Sekarang orang sangat akrab dengan pakaian cetak, terutama T-shirt dengan pola cetak yang dipersonalisasi di musim panas, yang sangat populer di kalangan anak muda. Selain itu, karena biaya produksi yang rendah dan berbagai pola kaos tersebut, mereka telah menarik banyak pengusaha muda. Selain memadatkan kreativitas para desainer tersebut, T-shirt dengan pola sablon yang dipersonalisasi ini juga merupakan perlengkapan yang sangat diperlukan untuk melengkapi produk.

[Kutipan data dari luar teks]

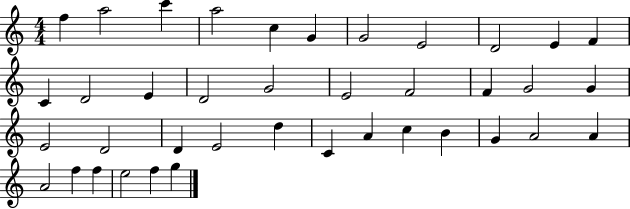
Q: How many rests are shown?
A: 0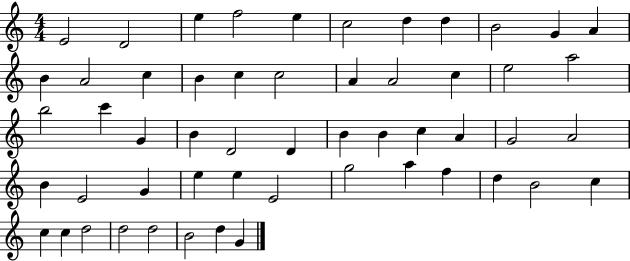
X:1
T:Untitled
M:4/4
L:1/4
K:C
E2 D2 e f2 e c2 d d B2 G A B A2 c B c c2 A A2 c e2 a2 b2 c' G B D2 D B B c A G2 A2 B E2 G e e E2 g2 a f d B2 c c c d2 d2 d2 B2 d G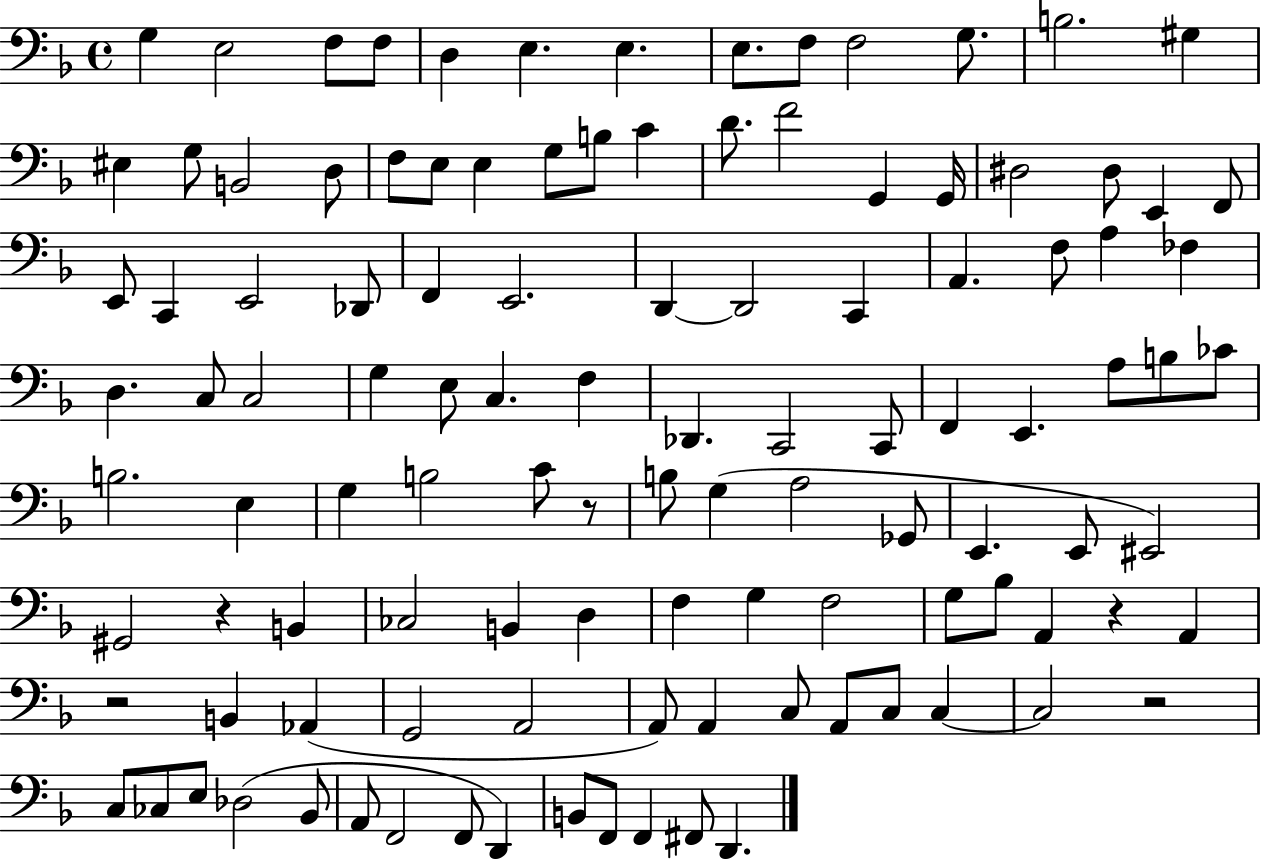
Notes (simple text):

G3/q E3/h F3/e F3/e D3/q E3/q. E3/q. E3/e. F3/e F3/h G3/e. B3/h. G#3/q EIS3/q G3/e B2/h D3/e F3/e E3/e E3/q G3/e B3/e C4/q D4/e. F4/h G2/q G2/s D#3/h D#3/e E2/q F2/e E2/e C2/q E2/h Db2/e F2/q E2/h. D2/q D2/h C2/q A2/q. F3/e A3/q FES3/q D3/q. C3/e C3/h G3/q E3/e C3/q. F3/q Db2/q. C2/h C2/e F2/q E2/q. A3/e B3/e CES4/e B3/h. E3/q G3/q B3/h C4/e R/e B3/e G3/q A3/h Gb2/e E2/q. E2/e EIS2/h G#2/h R/q B2/q CES3/h B2/q D3/q F3/q G3/q F3/h G3/e Bb3/e A2/q R/q A2/q R/h B2/q Ab2/q G2/h A2/h A2/e A2/q C3/e A2/e C3/e C3/q C3/h R/h C3/e CES3/e E3/e Db3/h Bb2/e A2/e F2/h F2/e D2/q B2/e F2/e F2/q F#2/e D2/q.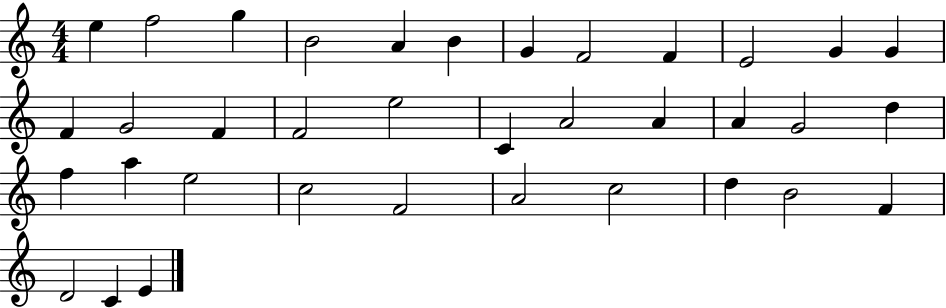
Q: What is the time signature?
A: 4/4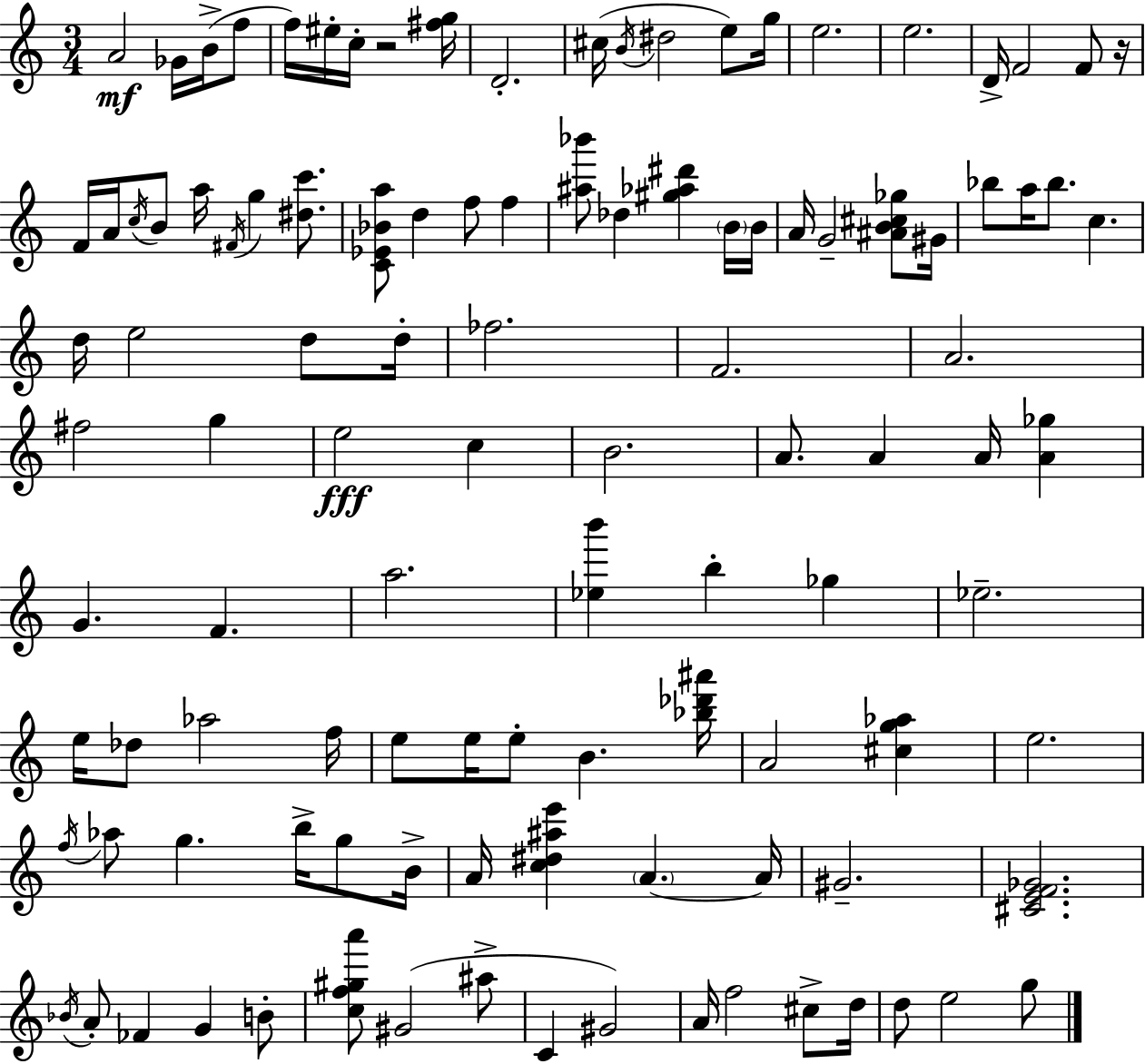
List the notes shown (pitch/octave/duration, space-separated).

A4/h Gb4/s B4/s F5/e F5/s EIS5/s C5/s R/h [F#5,G5]/s D4/h. C#5/s B4/s D#5/h E5/e G5/s E5/h. E5/h. D4/s F4/h F4/e R/s F4/s A4/s C5/s B4/e A5/s F#4/s G5/q [D#5,C6]/e. [C4,Eb4,Bb4,A5]/e D5/q F5/e F5/q [A#5,Bb6]/e Db5/q [G#5,Ab5,D#6]/q B4/s B4/s A4/s G4/h [A#4,B4,C#5,Gb5]/e G#4/s Bb5/e A5/s Bb5/e. C5/q. D5/s E5/h D5/e D5/s FES5/h. F4/h. A4/h. F#5/h G5/q E5/h C5/q B4/h. A4/e. A4/q A4/s [A4,Gb5]/q G4/q. F4/q. A5/h. [Eb5,B6]/q B5/q Gb5/q Eb5/h. E5/s Db5/e Ab5/h F5/s E5/e E5/s E5/e B4/q. [Bb5,Db6,A#6]/s A4/h [C#5,G5,Ab5]/q E5/h. F5/s Ab5/e G5/q. B5/s G5/e B4/s A4/s [C5,D#5,A#5,E6]/q A4/q. A4/s G#4/h. [C#4,E4,F4,Gb4]/h. Bb4/s A4/e FES4/q G4/q B4/e [C5,F5,G#5,A6]/e G#4/h A#5/e C4/q G#4/h A4/s F5/h C#5/e D5/s D5/e E5/h G5/e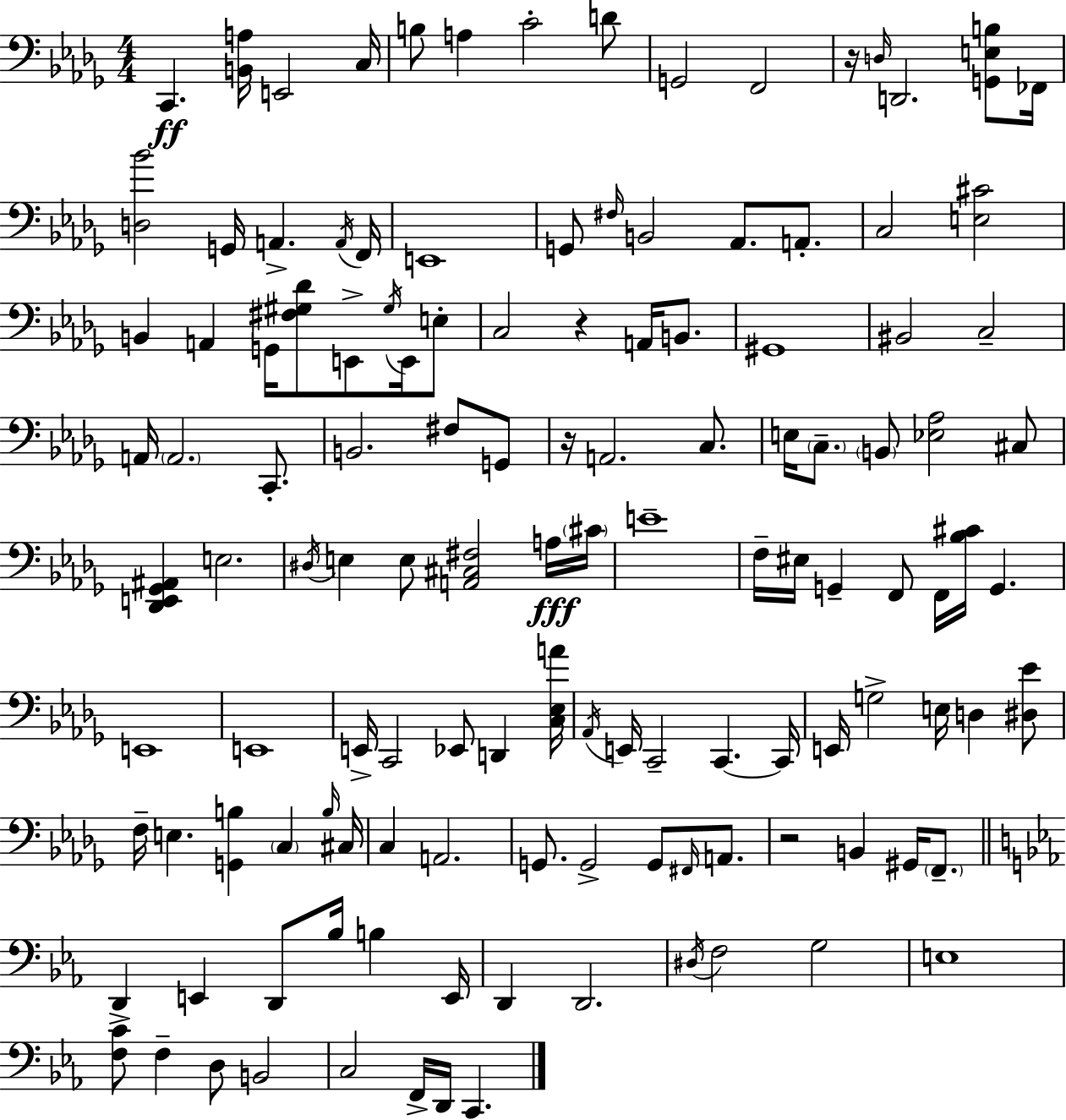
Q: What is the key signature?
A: BES minor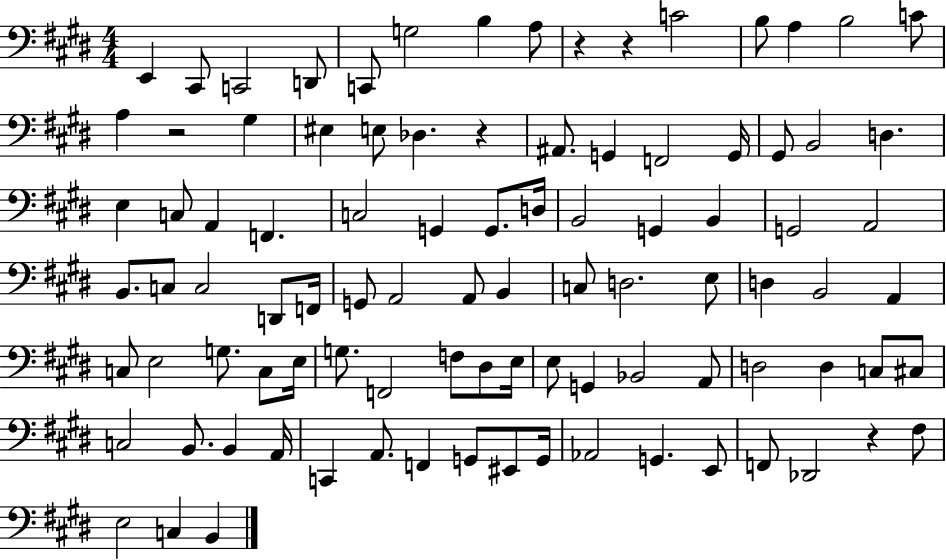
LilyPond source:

{
  \clef bass
  \numericTimeSignature
  \time 4/4
  \key e \major
  \repeat volta 2 { e,4 cis,8 c,2 d,8 | c,8 g2 b4 a8 | r4 r4 c'2 | b8 a4 b2 c'8 | \break a4 r2 gis4 | eis4 e8 des4. r4 | ais,8. g,4 f,2 g,16 | gis,8 b,2 d4. | \break e4 c8 a,4 f,4. | c2 g,4 g,8. d16 | b,2 g,4 b,4 | g,2 a,2 | \break b,8. c8 c2 d,8 f,16 | g,8 a,2 a,8 b,4 | c8 d2. e8 | d4 b,2 a,4 | \break c8 e2 g8. c8 e16 | g8. f,2 f8 dis8 e16 | e8 g,4 bes,2 a,8 | d2 d4 c8 cis8 | \break c2 b,8. b,4 a,16 | c,4 a,8. f,4 g,8 eis,8 g,16 | aes,2 g,4. e,8 | f,8 des,2 r4 fis8 | \break e2 c4 b,4 | } \bar "|."
}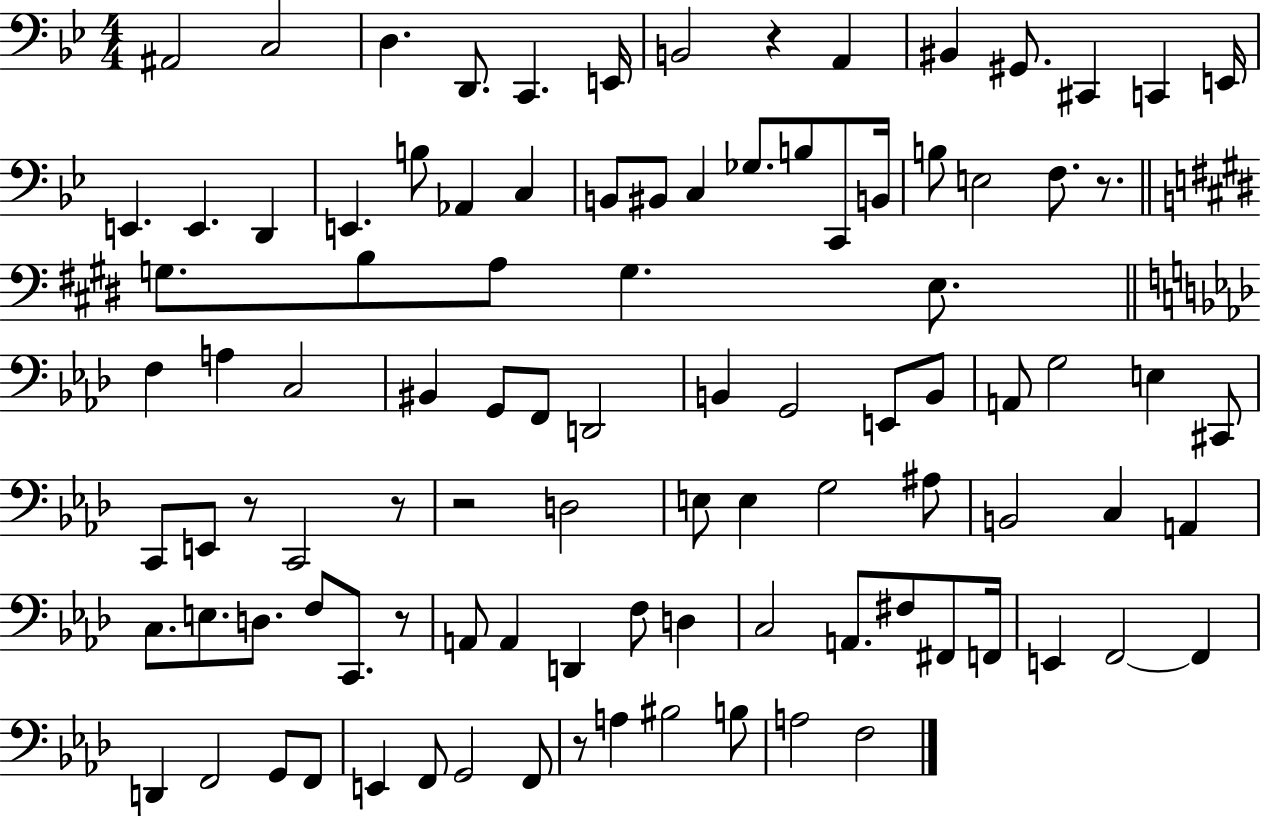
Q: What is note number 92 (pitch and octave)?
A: F3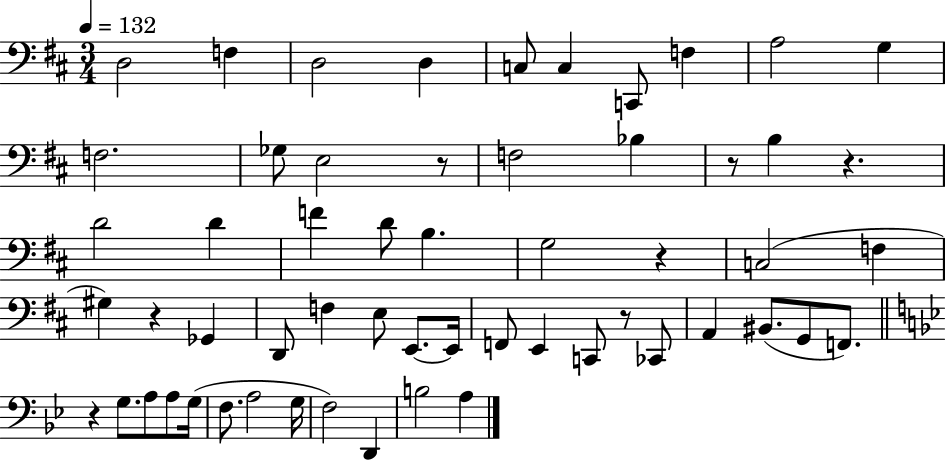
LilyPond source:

{
  \clef bass
  \numericTimeSignature
  \time 3/4
  \key d \major
  \tempo 4 = 132
  \repeat volta 2 { d2 f4 | d2 d4 | c8 c4 c,8 f4 | a2 g4 | \break f2. | ges8 e2 r8 | f2 bes4 | r8 b4 r4. | \break d'2 d'4 | f'4 d'8 b4. | g2 r4 | c2( f4 | \break gis4) r4 ges,4 | d,8 f4 e8 e,8.~~ e,16 | f,8 e,4 c,8 r8 ces,8 | a,4 bis,8.( g,8 f,8.) | \break \bar "||" \break \key g \minor r4 g8. a8 a8 g16( | f8. a2 g16 | f2) d,4 | b2 a4 | \break } \bar "|."
}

Saat ini, mesin cetak garmen kami yang paling umum meliputi jenis berikut, mesin sablon, mesin cetak transfer dingin, mesin cetak transfer termal, dan mesin transfer panas. Karena mesin cetak garmen termasuk dalam kategori mesin khusus dan memenuhi persyaratan perusahaan garmen untuk batch kecil dan beberapa jenis mesin khusus, mungkin ada puluhan hingga ratusan varietas dan spesifikasi mesin cetak garmen, dan sudut klasifikasi juga berbeda. Menurut mode mengemudi pencetakan, dapat diklasifikasikan menjadi pneumatik, hidrolik dan komputer. Menurut metode pencetakan, ada mesin cetak rol dan mesin cetak datar. Dalam beberapa tahun terakhir, beberapa perusahaan telah mengembangkan dan memproduksi mesin cetak transfer dingin. Saat ini, mesin cetak dapat langsung dibagi menjadi mesin cetak transfer termal dan mesin cetak transfer dingin. Perbedaan terbesar adalah bahwa yang pertama diperlukan dan diperlukan untuk pencetakan. Dipanaskan, yang terakhir bekerja sepenuhnya tanpa suhu.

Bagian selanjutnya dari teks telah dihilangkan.